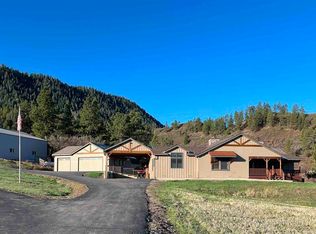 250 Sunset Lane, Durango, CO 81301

...

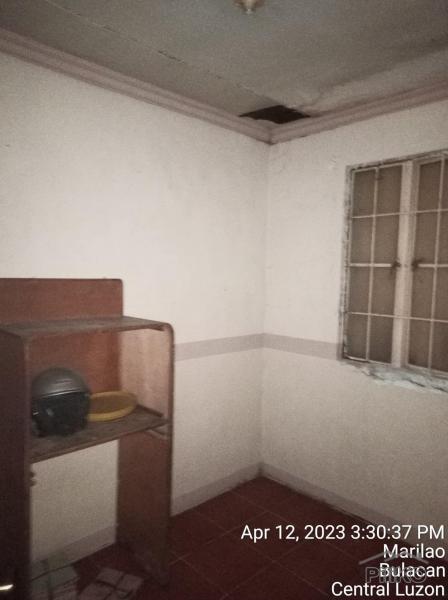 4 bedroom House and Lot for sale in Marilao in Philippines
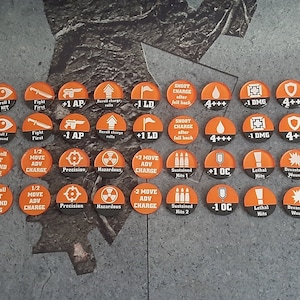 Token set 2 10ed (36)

Goal of the exercise:
Using the data above, set down each line from the line with "4 bedroom House" to the line with "Token set 2 10ed (36)" exactly, both ends included, and leave the pictures behind. Nothing else belongs.

Response below:
 4 bedroom House and Lot for sale in Marilao in Philippines
 Token set 2 10ed (36)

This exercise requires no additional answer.